Mecanismo propuesto de control, procesos VAC y VTA.

Los coeficientes de absorción y los diagramas Tauc de las películas de perovskita se muestran en las figuras 4A y 4B. Debido a los diferentes espesores entre las muestras de control, VAC y VTA, se calcularon los coeficientes de absorción46 para comparar. La muestra VAC muestra el coeficiente de absorción más alto ya que la película es rugosa y dispersa más luz47. Usando la cantidad adecuada de I, Br y Cl, los bordes de absorción de todas las condiciones son ~ 712 nm, exhibiendo la banda prohibida cerca de 1,80 eV, ubicada en el rango inferior de valores óptimos para aplicaciones con poca luz (1,80 - 1,90 eV). . Se esperan valores similares ya que los cambios físicos debidos al vacío no deberían afectar la composición química. Estos resultados son consistentes con la eficiencia cuántica externa (EQE) como se muestra en la Fig. 4C. La medición EQE se utiliza para medir la proporción de electrones generados y fotones dados en una longitud de onda específica de excitación de luz. Como era de esperar, los electrones generados sólo se encuentran en el rango de absorción de luz.
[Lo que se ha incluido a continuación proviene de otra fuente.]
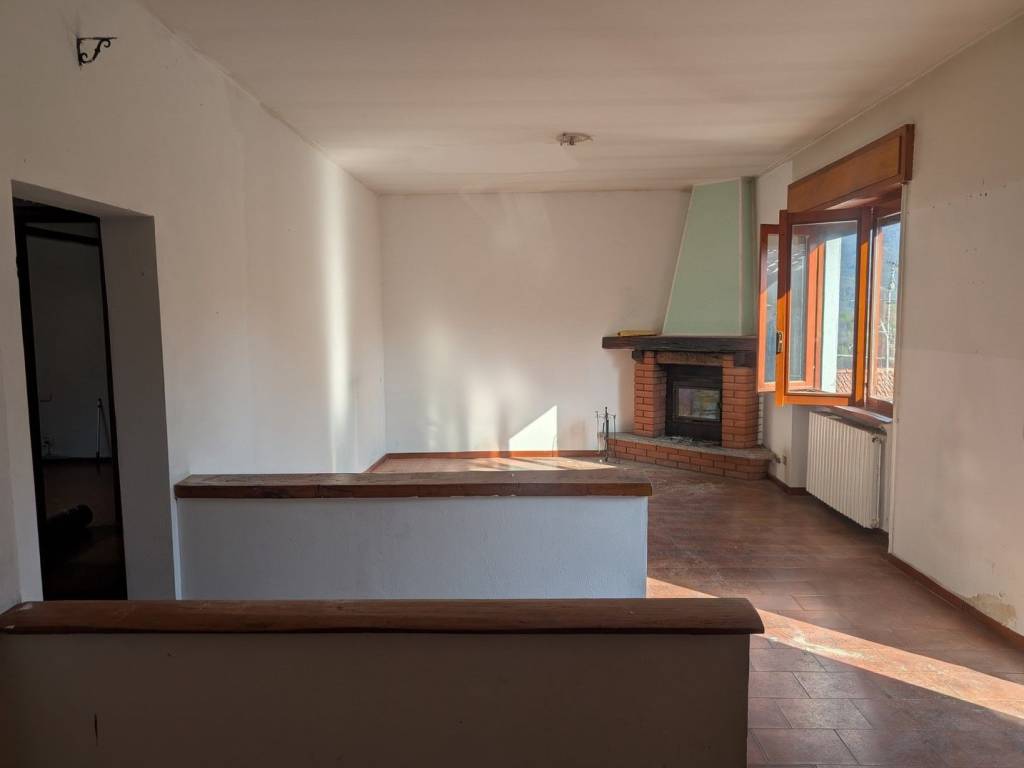 casa indipendente in vendita a Cuasso al Monte in zona Borgnana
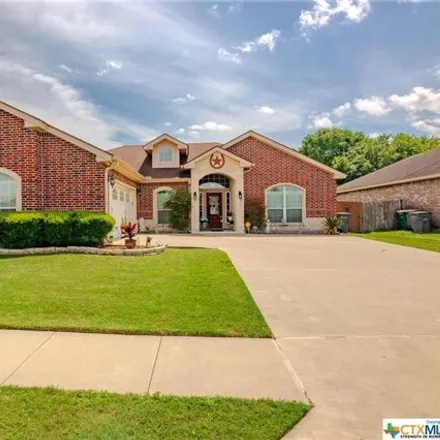 Buy this 3 bed house on 111 Lake Forest Drive in Victoria, TX 77904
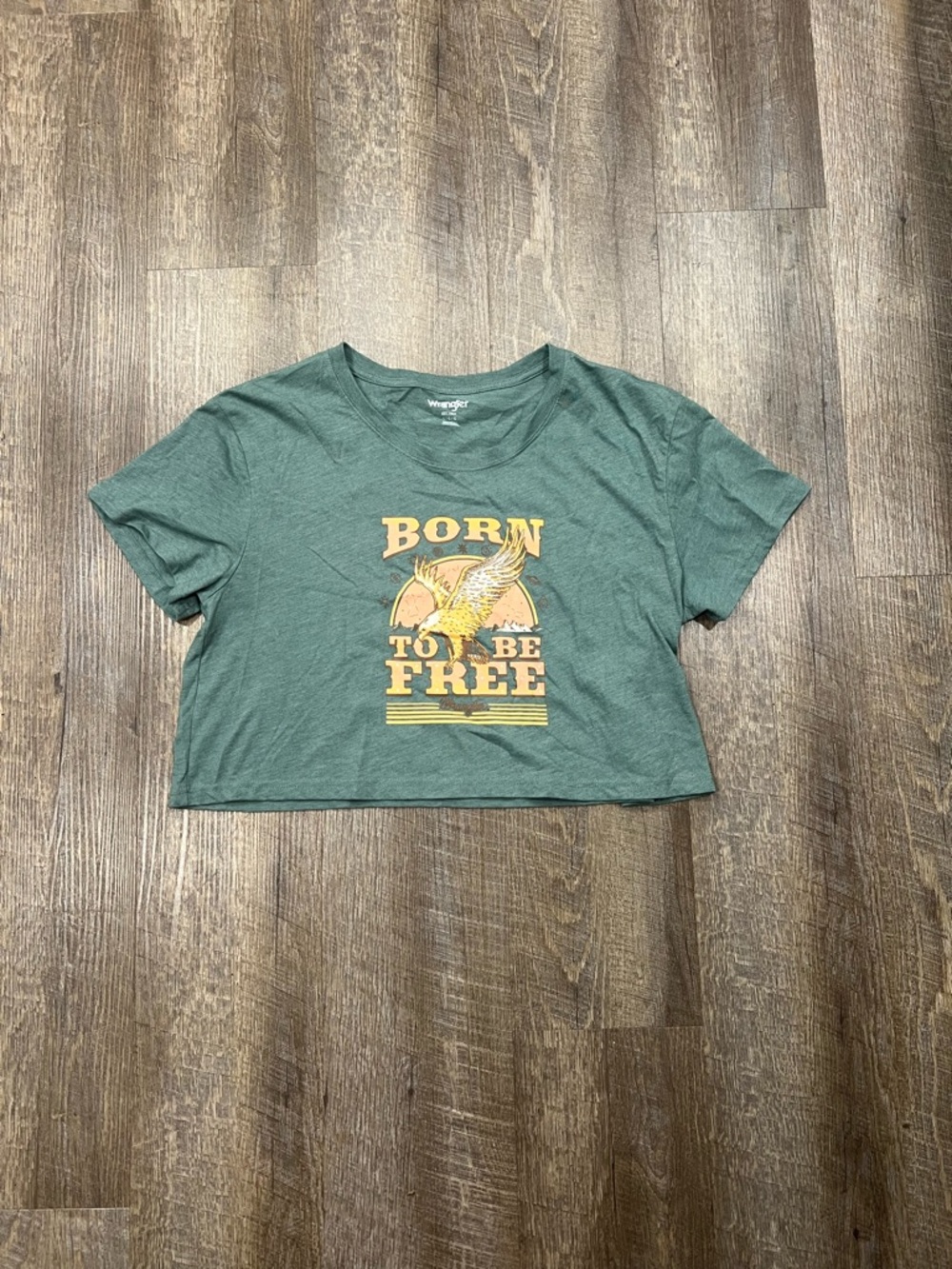 Wrangler Born To Be Free Graphic Crop Tee - Green & Mustard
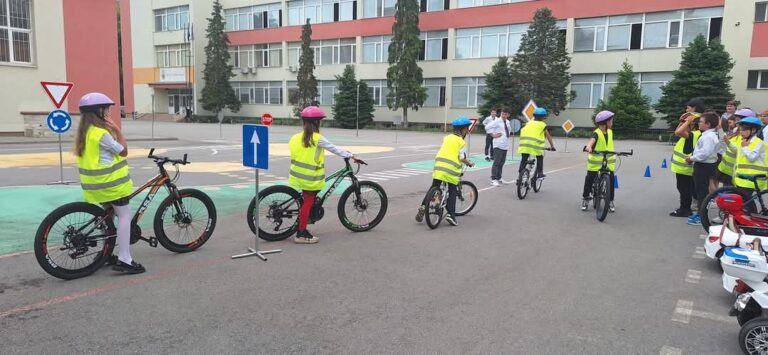 Добра практика в 54. СУ „Св. Иван Рилски“: „С велосипед на пътя – чрез играта да научим правилата за безопасно движение по пътищата“ Добра практика в 54. СУ „Св. Иван Рилски“: „С велосипед на пътя – чрез играта да научим правилата за безопасно движение по пътищата“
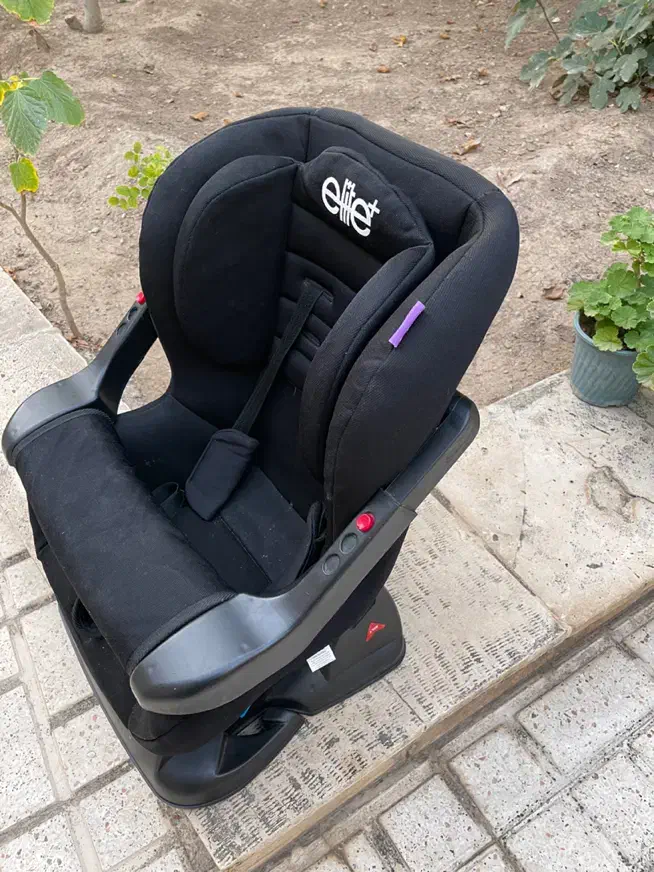 صندلی ماشین کودک|تخت و صندلی بچه|هشتگرد, هشتگرد قدیم|دیوار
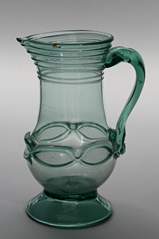 <b>Henkelkanne mit Fadenauflage</b>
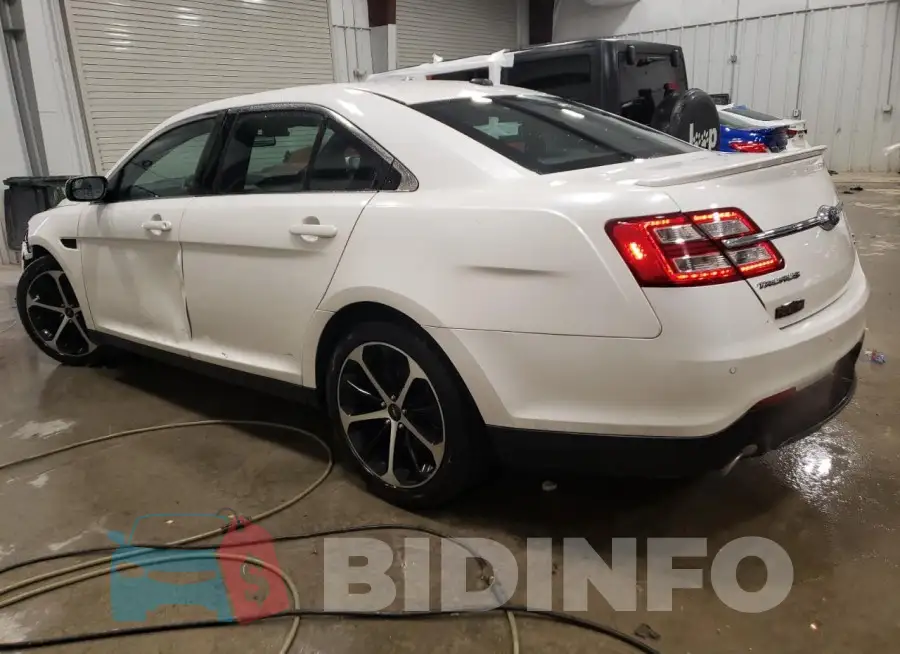 1FAHP2E85FG137580 Photo# 2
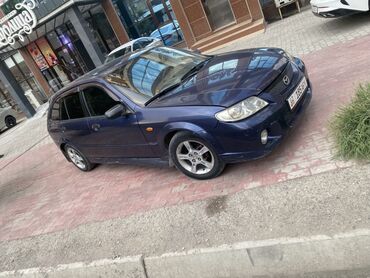 stream кузов: Автомобиль Mazda Familia S-Wagon синего цвета, представленный в кузове
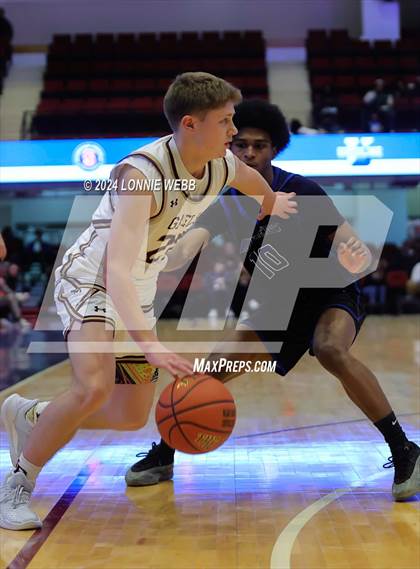 Thumbnail 1 in Iona Prep vs Poughkeepsie (William F. Plunkett Jr. Christmas Classic) photogallery.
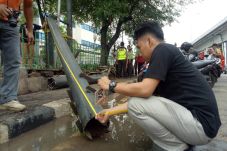 Polisi Buru Pemilik...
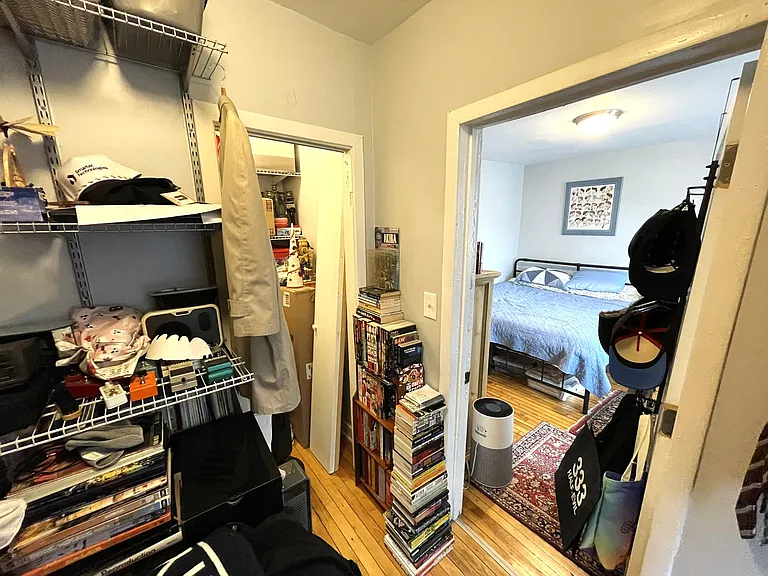 1516 W 18th Pl #2R — Photo 15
(A) El coeficiente de absorción para películas de control, VAC y VTA. (B) Gráfico Tauc para el análisis de banda prohibida óptica (Eg). (C) Espectros de eficiencia cuántica externa (EQE) para dispositivos de control, VAC y VTA. (D) Espectros PL en estado estacionario de películas de control, VAC y VTA.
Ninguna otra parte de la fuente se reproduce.